- _Supplied data_
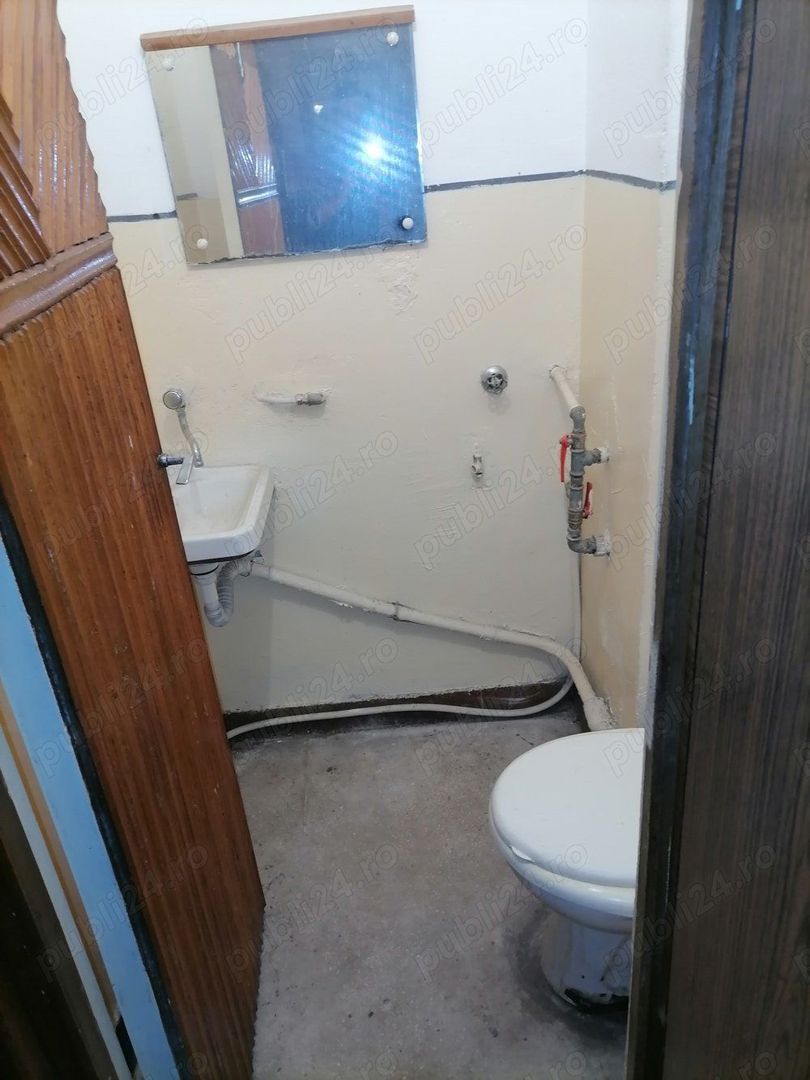 BRASADAS vinde apt 4 camere etaj 4/4 in centru. - Poză 4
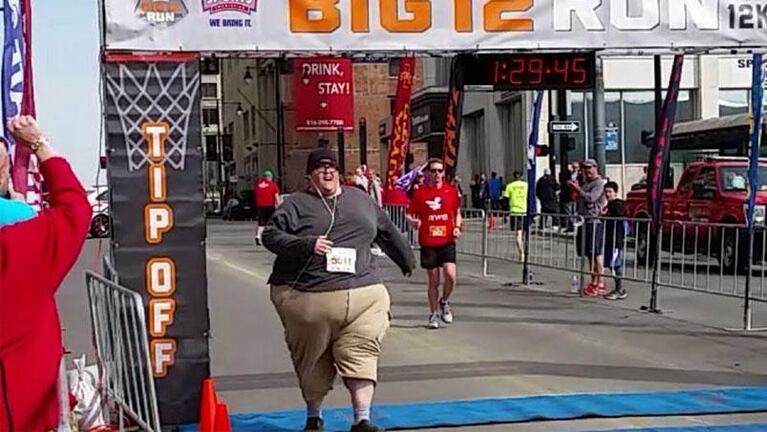 Derek Mitchell, un runner ejemplar de más de 200 kilos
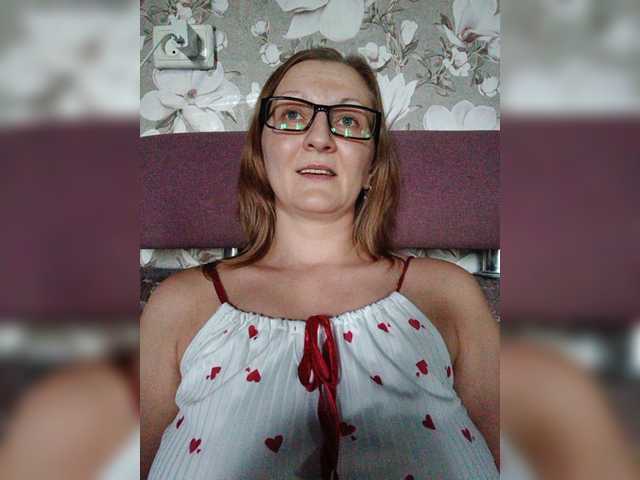 Zarevna live cam on BongaCams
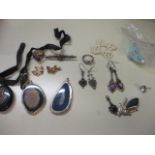 A quantity of miscellaneous costume jewellery to include a Victorian mourning locket and late 20th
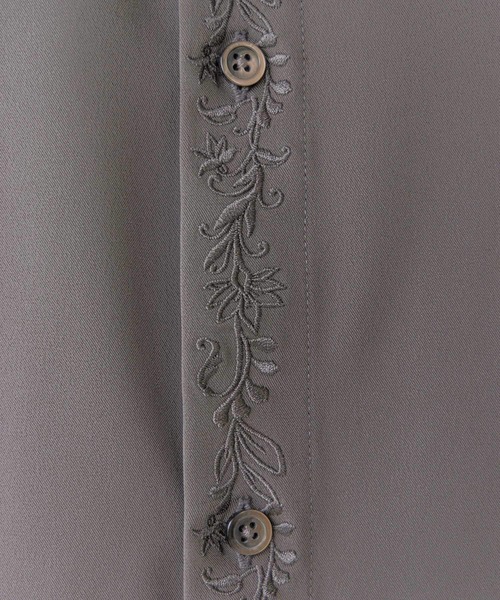 RAGEBLUE（レイジブルー）の「【LUXURY+EASY】LOOSE FLOWER EMBROIDERY SHIRTS /ラグイージーフラワー刺繍シャツ（シャツ/ブラウス・メンズ・ホワイト/ブラック/ブラウン/グレー・SMALL/MEDIUM/LARGE）」の10枚目の写真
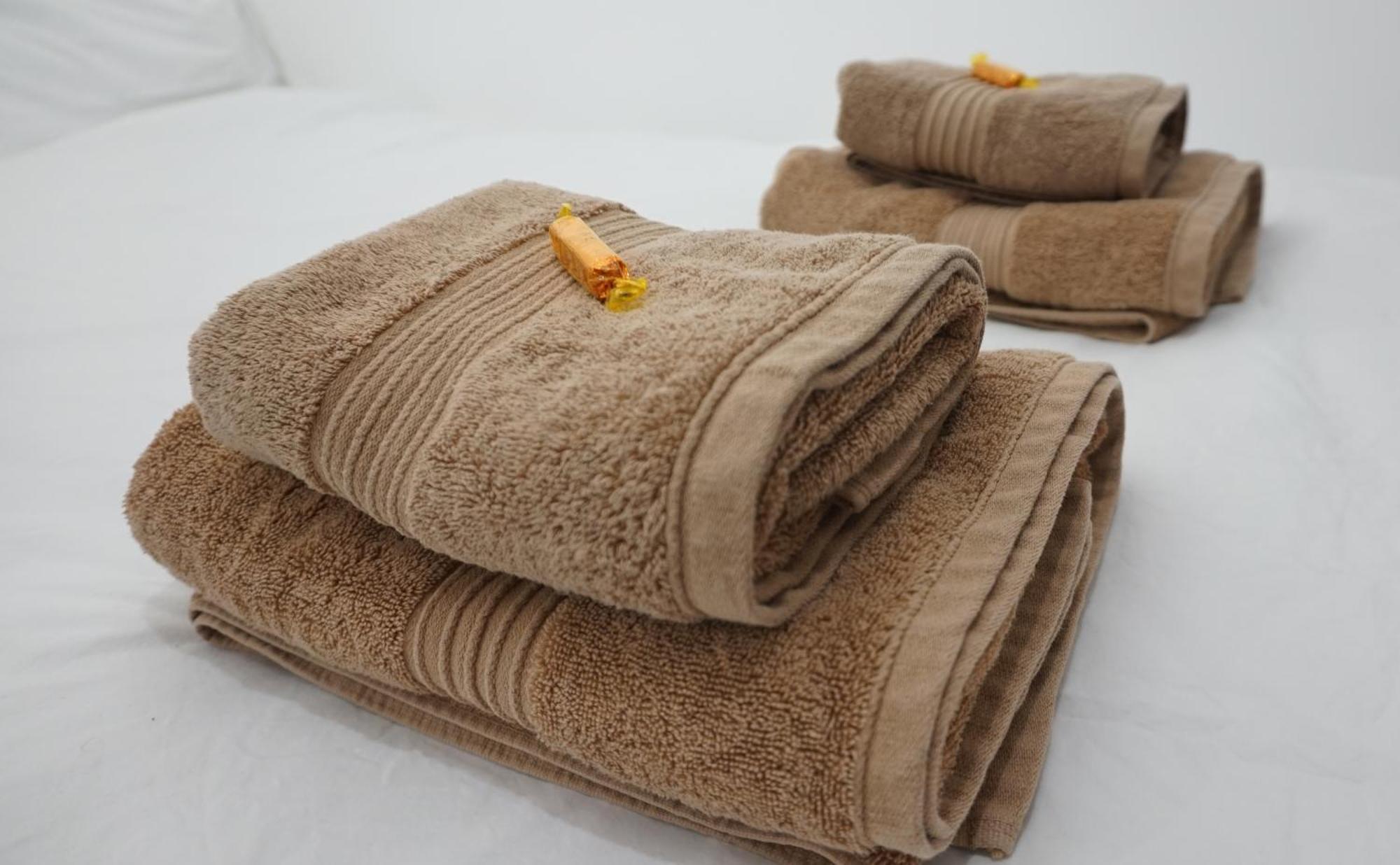 Semesterbostad Luxury House Sleeps 13, 2 Minutes To Metro *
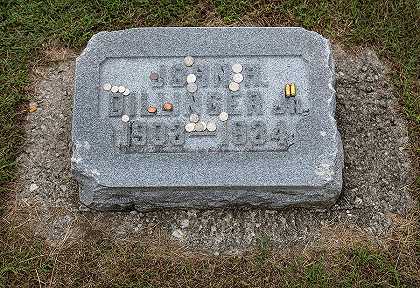 歹徒约翰·迪林格的墓碑`Gravestone of the Gangster John Dillinger by Carol McKinney Highsmith
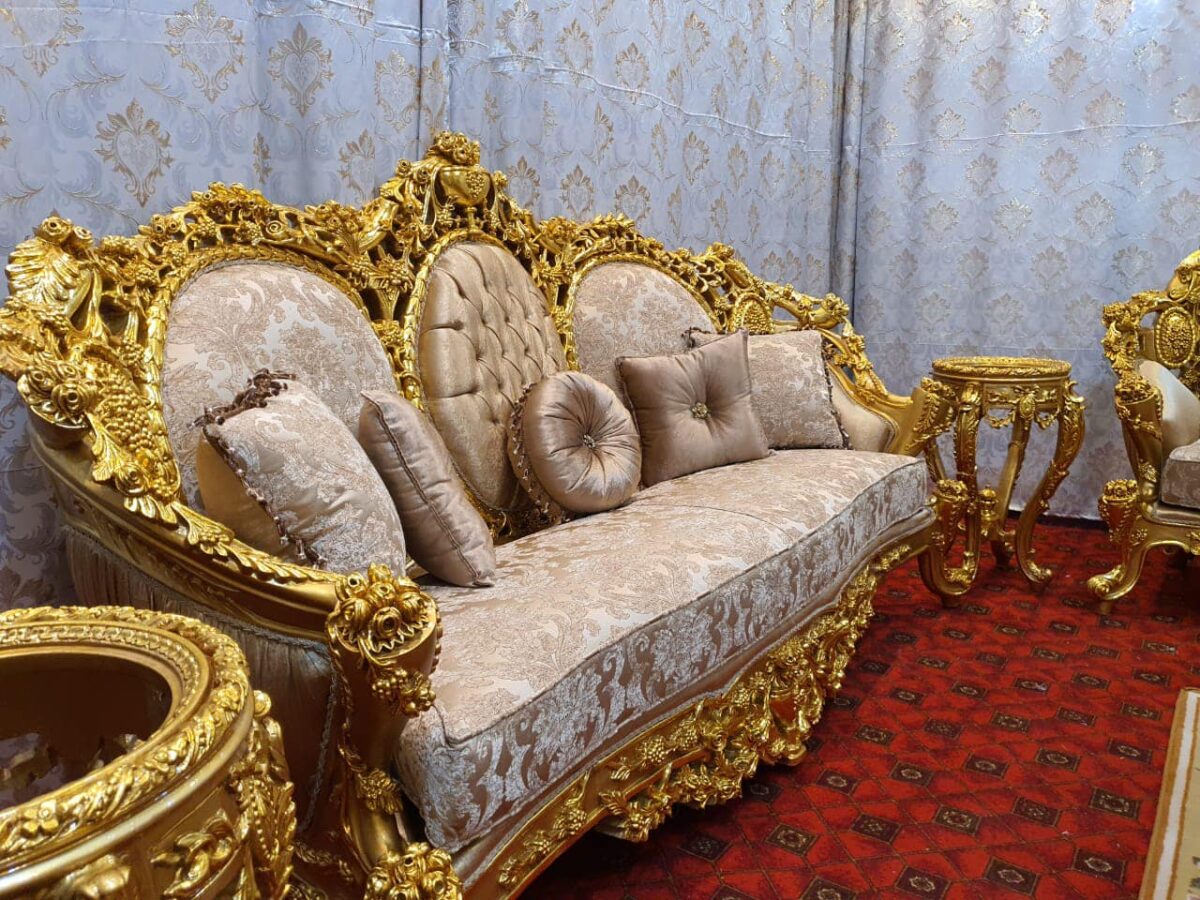 Andalusian Royal Salon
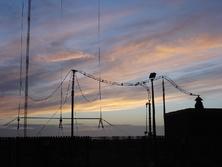 La base de la antena de MSF en la estación de Radio Anthorn, Cumbria.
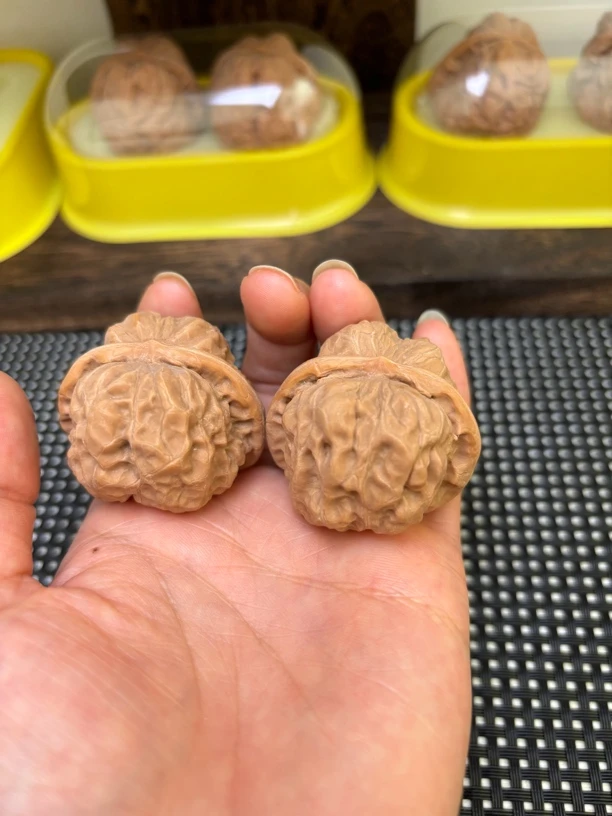 文玩核桃把件39蛤蟆头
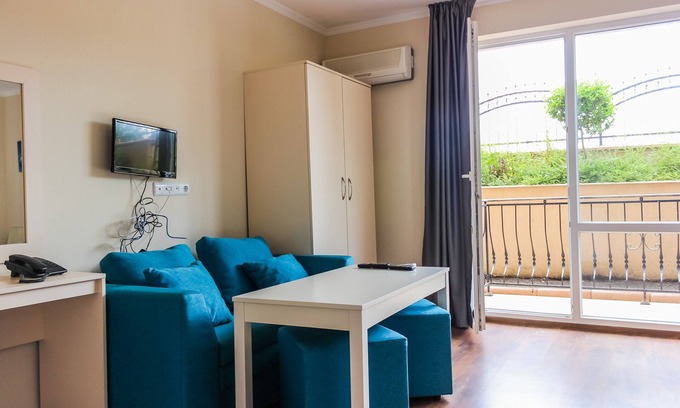 Intsaraki Condominio | Macon Residence es uno de los complejos vacacionales más modernos de Sveti Vlas.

- _Brief_
Start with the first line of the records above and end with the line containing "文玩核桃把件39蛤蟆头". Output those lines exactly, pictures excluded.

- _Response box_
 BRASADAS vinde apt 4 camere etaj 4/4 in centru. - Poză 4
 Derek Mitchell, un runner ejemplar de más de 200 kilos
 Zarevna live cam on BongaCams
 A quantity of miscellaneous costume jewellery to include a Victorian mourning locket and late 20th
 RAGEBLUE（レイジブルー）の「【LUXURY+EASY】LOOSE FLOWER EMBROIDERY SHIRTS /ラグイージーフラワー刺繍シャツ（シャツ/ブラウス・メンズ・ホワイト/ブラック/ブラウン/グレー・SMALL/MEDIUM/LARGE）」の10枚目の写真
 Semesterbostad Luxury House Sleeps 13, 2 Minutes To Metro *
 歹徒约翰·迪林格的墓碑`Gravestone of the Gangster John Dillinger by Carol McKinney Highsmith
 Andalusian Royal Salon
 La base de la antena de MSF en la estación de Radio Anthorn, Cumbria.
 文玩核桃把件39蛤蟆头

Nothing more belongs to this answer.